■ **The task**
Omit the pictures, then write out every entry exactly as it reads.

■ **Entries supplied**
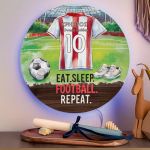 Premium Λαμπάδα με Φωτιστικό Τοίχου και Σχέδιο Κόκκινη Φανέλα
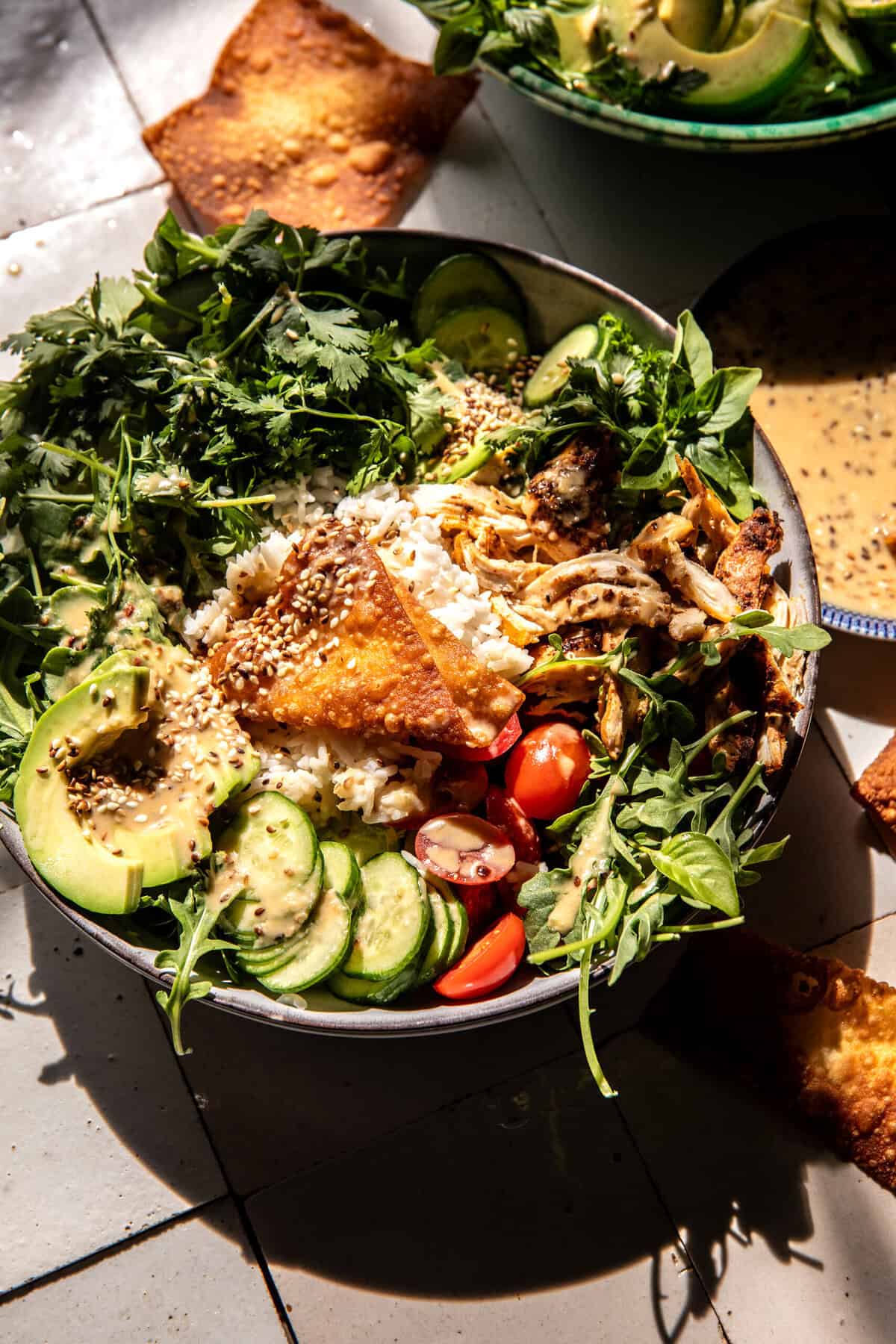 20 Minute Miso Sesame Chicken Bowls | halfbakedharvest.com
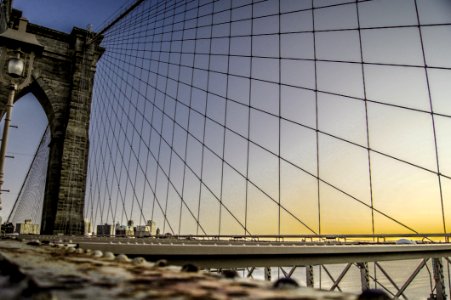 Low Angle Photography Of Brooklyn Bridge photo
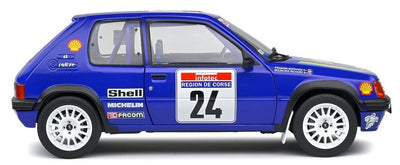 Solido : 1990 Peugeot 205 Rallye #24 Die-Cast Scale Model (1:18)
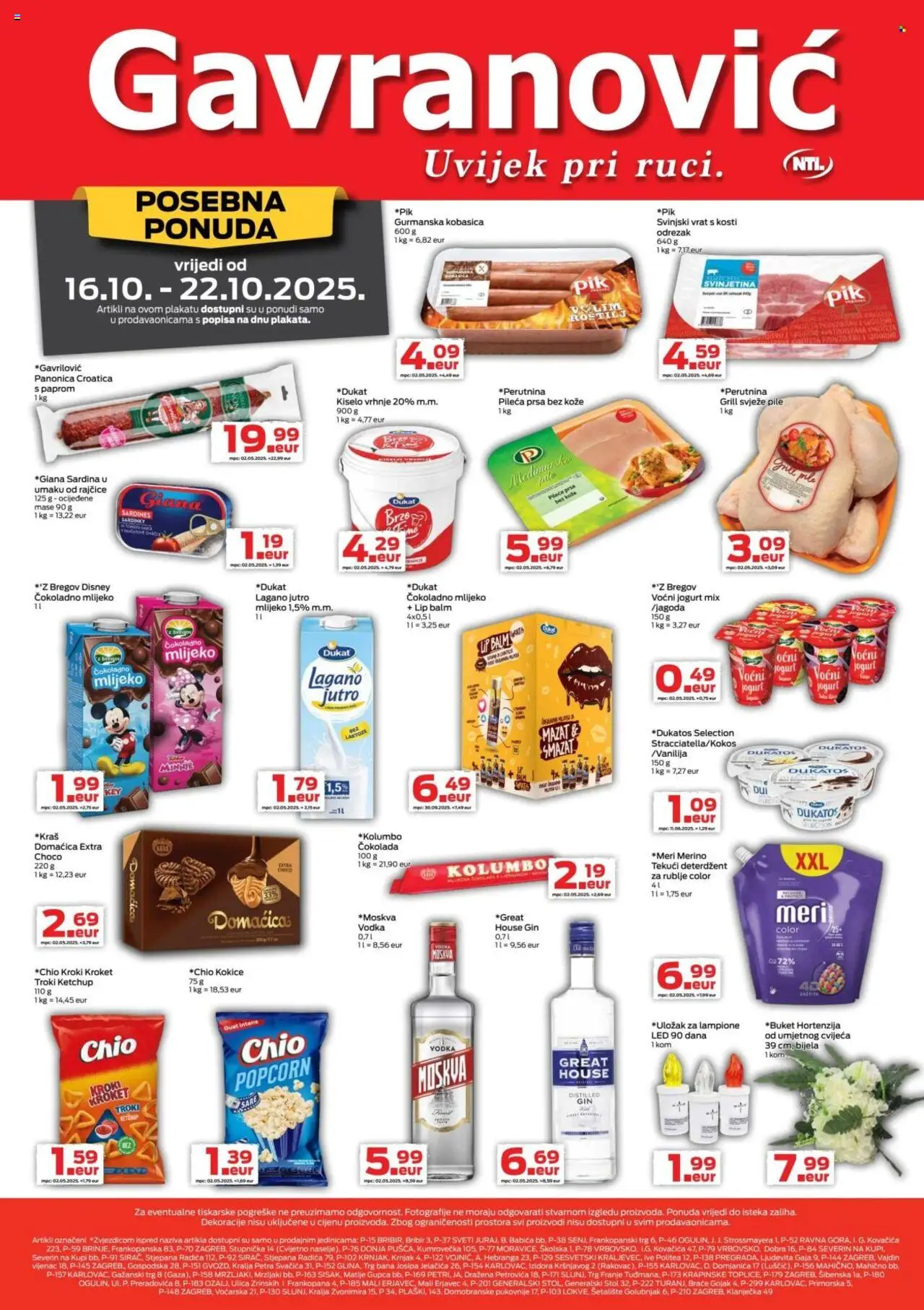 Gavranović aktualni Katalog vrijedi od 16.10.2025 - tjedna akcija broj stranice 1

■ **Expected output**
 Premium Λαμπάδα με Φωτιστικό Τοίχου και Σχέδιο Κόκκινη Φανέλα
 20 Minute Miso Sesame Chicken Bowls | halfbakedharvest.com
 Low Angle Photography Of Brooklyn Bridge photo
 Solido : 1990 Peugeot 205 Rallye #24 Die-Cast Scale Model (1:18)
 Gavranović aktualni Katalog vrijedi od 16.10.2025 - tjedna akcija broj stranice 1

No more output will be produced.